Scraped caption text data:
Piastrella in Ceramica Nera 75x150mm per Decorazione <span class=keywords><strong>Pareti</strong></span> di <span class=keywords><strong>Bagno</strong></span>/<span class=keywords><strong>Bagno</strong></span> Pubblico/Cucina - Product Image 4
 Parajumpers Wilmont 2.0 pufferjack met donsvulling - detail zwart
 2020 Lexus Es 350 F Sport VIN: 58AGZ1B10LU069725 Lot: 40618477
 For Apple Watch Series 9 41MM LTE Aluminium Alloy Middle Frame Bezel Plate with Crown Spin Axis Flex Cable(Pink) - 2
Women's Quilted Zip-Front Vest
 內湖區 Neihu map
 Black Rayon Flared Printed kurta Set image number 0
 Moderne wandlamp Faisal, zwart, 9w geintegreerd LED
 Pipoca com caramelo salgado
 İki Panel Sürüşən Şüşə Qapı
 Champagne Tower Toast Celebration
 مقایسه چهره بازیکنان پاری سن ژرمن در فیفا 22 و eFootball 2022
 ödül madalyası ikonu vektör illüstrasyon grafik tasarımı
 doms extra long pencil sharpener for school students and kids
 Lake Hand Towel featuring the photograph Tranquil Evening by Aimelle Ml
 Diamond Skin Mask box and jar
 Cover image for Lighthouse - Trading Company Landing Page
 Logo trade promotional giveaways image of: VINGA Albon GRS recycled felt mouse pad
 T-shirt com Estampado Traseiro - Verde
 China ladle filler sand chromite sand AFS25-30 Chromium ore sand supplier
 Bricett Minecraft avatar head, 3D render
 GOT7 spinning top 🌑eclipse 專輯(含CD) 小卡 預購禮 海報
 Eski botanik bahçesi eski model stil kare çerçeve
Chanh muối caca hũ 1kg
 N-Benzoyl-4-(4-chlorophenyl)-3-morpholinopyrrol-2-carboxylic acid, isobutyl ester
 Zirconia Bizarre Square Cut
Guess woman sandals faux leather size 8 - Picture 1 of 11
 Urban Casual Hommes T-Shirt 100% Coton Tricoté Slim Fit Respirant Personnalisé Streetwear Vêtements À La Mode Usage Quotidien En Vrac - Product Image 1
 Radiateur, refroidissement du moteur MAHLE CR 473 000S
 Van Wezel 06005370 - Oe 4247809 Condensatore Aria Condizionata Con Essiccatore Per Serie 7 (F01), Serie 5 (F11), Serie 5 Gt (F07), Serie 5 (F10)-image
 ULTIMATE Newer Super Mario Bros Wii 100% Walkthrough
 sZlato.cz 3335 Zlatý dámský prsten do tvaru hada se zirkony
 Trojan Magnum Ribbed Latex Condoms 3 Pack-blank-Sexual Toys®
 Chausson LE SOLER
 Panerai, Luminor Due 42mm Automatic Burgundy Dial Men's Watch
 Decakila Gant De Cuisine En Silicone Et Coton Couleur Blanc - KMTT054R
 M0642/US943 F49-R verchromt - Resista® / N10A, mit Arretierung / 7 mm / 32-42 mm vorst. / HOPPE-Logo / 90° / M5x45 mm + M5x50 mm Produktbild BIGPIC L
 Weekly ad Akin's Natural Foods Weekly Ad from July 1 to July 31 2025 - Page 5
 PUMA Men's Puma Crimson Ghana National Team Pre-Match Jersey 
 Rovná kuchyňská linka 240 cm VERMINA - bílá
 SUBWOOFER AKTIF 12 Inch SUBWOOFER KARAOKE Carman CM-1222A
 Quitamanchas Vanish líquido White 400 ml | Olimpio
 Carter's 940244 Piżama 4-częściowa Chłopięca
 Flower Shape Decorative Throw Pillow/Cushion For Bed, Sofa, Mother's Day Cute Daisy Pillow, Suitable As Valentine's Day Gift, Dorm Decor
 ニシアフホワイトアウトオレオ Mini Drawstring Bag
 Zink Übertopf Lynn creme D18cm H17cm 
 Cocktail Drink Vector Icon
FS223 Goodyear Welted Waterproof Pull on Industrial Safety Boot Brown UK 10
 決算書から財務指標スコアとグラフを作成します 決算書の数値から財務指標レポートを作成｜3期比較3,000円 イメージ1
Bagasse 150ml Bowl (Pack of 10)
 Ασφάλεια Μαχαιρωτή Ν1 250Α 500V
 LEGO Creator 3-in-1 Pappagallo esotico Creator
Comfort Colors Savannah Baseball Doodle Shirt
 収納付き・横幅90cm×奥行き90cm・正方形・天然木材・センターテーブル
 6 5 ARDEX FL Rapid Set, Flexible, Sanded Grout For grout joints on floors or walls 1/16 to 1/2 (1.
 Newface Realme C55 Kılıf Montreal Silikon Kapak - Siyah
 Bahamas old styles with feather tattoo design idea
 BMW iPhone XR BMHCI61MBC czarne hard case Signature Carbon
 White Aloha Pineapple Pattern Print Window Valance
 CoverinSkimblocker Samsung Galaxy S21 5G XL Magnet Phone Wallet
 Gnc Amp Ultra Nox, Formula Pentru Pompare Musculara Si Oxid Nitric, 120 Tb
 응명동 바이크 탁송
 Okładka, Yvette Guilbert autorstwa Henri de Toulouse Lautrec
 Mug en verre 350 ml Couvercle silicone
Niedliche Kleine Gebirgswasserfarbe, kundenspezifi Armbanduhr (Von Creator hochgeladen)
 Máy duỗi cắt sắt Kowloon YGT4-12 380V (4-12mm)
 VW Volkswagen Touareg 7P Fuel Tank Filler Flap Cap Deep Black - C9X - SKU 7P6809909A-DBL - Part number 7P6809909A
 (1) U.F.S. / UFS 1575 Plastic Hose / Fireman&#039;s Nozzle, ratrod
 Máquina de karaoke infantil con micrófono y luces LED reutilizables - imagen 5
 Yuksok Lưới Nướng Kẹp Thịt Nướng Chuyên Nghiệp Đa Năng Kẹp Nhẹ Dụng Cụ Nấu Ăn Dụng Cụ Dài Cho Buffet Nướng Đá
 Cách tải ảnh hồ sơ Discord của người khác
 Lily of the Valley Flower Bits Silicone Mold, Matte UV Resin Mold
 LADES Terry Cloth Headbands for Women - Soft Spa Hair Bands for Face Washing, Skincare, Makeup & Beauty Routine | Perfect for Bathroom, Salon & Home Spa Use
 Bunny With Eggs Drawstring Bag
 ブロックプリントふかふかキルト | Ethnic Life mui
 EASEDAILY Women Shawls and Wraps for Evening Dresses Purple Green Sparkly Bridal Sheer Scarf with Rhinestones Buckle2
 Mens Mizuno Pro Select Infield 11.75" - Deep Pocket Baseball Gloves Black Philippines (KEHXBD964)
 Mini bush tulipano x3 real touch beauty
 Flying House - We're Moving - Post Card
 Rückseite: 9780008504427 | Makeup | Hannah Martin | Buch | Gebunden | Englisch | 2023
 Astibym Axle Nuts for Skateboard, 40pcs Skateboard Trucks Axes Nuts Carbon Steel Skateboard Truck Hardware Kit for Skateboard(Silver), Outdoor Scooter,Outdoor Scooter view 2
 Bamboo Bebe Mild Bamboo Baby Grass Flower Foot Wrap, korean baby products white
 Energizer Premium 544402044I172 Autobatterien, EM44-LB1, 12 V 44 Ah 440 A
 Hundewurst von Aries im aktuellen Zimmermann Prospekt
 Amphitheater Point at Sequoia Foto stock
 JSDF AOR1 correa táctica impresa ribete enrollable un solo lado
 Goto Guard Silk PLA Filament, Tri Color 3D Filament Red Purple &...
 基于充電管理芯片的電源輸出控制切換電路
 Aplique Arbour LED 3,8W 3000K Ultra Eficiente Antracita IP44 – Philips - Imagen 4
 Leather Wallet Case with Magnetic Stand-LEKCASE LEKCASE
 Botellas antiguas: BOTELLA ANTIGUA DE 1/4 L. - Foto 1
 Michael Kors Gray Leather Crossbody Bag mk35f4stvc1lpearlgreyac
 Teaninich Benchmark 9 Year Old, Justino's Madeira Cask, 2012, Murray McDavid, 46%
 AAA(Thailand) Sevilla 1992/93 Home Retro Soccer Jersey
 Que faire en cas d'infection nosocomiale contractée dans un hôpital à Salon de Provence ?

» ACTIVITY
Copy, without any change, the run of lines from the one with "JSDF AOR1 correa" through the end of the entries above.

» COMPLETED TASK
 JSDF AOR1 correa táctica impresa ribete enrollable un solo lado
 Goto Guard Silk PLA Filament, Tri Color 3D Filament Red Purple &...
 基于充電管理芯片的電源輸出控制切換電路
 Aplique Arbour LED 3,8W 3000K Ultra Eficiente Antracita IP44 – Philips - Imagen 4
 Leather Wallet Case with Magnetic Stand-LEKCASE LEKCASE
 Botellas antiguas: BOTELLA ANTIGUA DE 1/4 L. - Foto 1
 Michael Kors Gray Leather Crossbody Bag mk35f4stvc1lpearlgreyac
 Teaninich Benchmark 9 Year Old, Justino's Madeira Cask, 2012, Murray McDavid, 46%
 AAA(Thailand) Sevilla 1992/93 Home Retro Soccer Jersey
 Que faire en cas d'infection nosocomiale contractée dans un hôpital à Salon de Provence ?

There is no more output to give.